Prejudices and Steteotypes are age-old maladies in this world. And I believe as long as we have a thinking mind, we will always have a bias against someone. We will always hate someone or be hated. This is undisputed. The issue comes when people decide to act on the HATE.

“Thou shalt love thy neighbour as thyself.” Why do you think God had to get that written down in the commandments above all things? And why not “Love thy kids?” for that matter (sic). Because God knew man: that there will always be a neighbor that we don’t like.

So today I decided to painfully read up all the racist slurs, the debate and mostly hate comments that people anonymously post on their Social Media profile. And we arrive to the pick of the day. DISCRIMINATION: the buzz word of the season; thanks to the rather late awakening of some powerful people, who decided to sit up, only after the death of a young innocent kid.

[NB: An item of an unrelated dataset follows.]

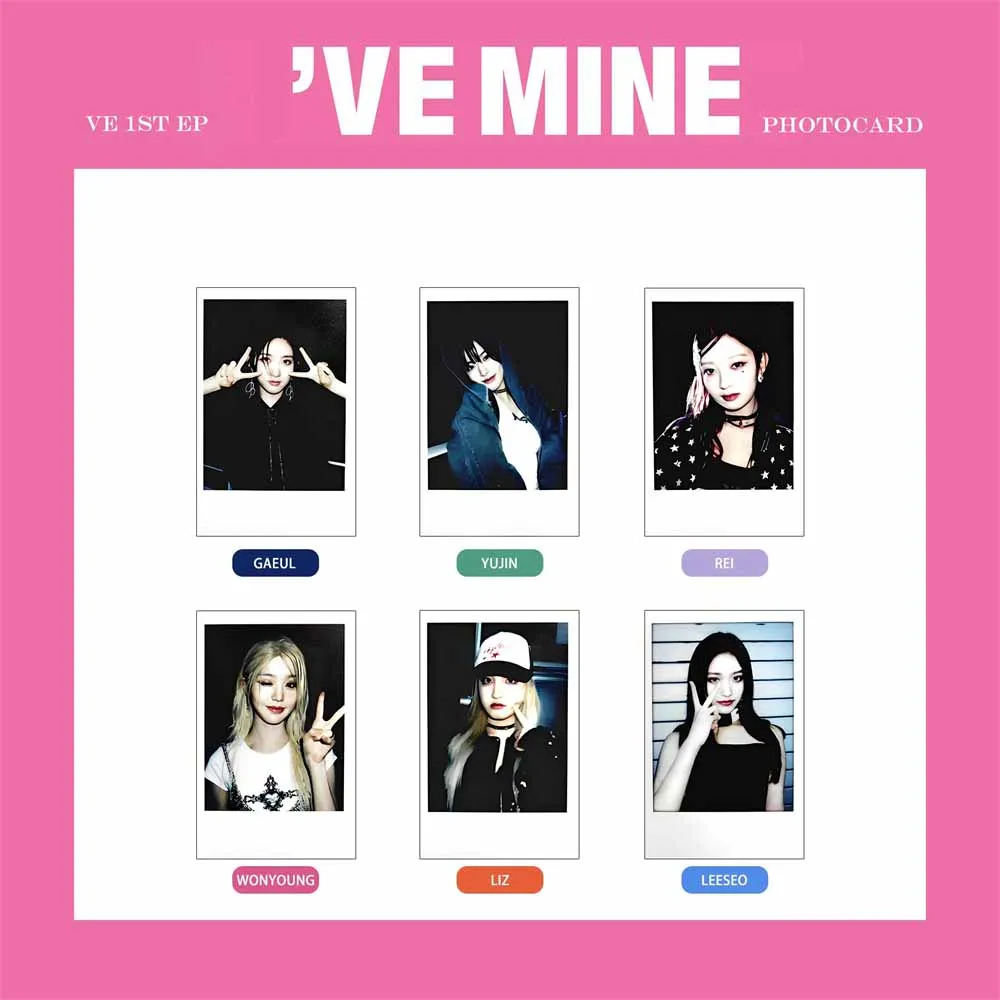 IVE I'VE MINE US exclusive ユジン セット L100005950_e6ce0461-6e23-4227-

I never knew what racial discrimination was until I was 17. I was in a catholic school most of my years before that, brought up amongst people from different parts of the state with different types of dialects. I never favored a friend because she was of a particular caste or class or religion. Then Delhi happened.  I was not prepared. I was never made to travel outside of my home-state.  It just never occurred to me that I needed to, I was happy in my shell, protected. And I know my dear small-town readers who came to this “City of Wonders” know what I am trying to say. Wondrous indeed. I cannot lie, Delhi gave me a lot of things to cherish, but equal amount of unwarranted discrimination as well. I needed to acclimatized to the stereotypes that people had against NE people. Maybe more than people are required to, when one moves generously from a place to the other.

I had always known people to tease me, if at all, JUST because I am a girl. And not because I looked different or looked “available”. The only way hence to not be ruffled by these random cat-calls and lecherous intent was to avoid public transport, cover up or just black out (ignore it).

But I found solace, surprisingly in the fact that all the other girls also had similar experiences, irrespective of any race, creed or color. Again, the intensity varied accordingly. To how easy or intimidating you are to a man’s eye. Now this is a typical girl story in Delhi, any girl who has ever lived here will most probably tell the same thing. A slight difference may be that richer girls get harassed in a posh area by richer people in a different way while in the case of a poor girl in their local habitat. I know I am being generic but you get my gist. But somehow it seemed different when it came to my girl friends from the North East. Men were bolder, more unashamed. The reason is but obvious. It is just territory.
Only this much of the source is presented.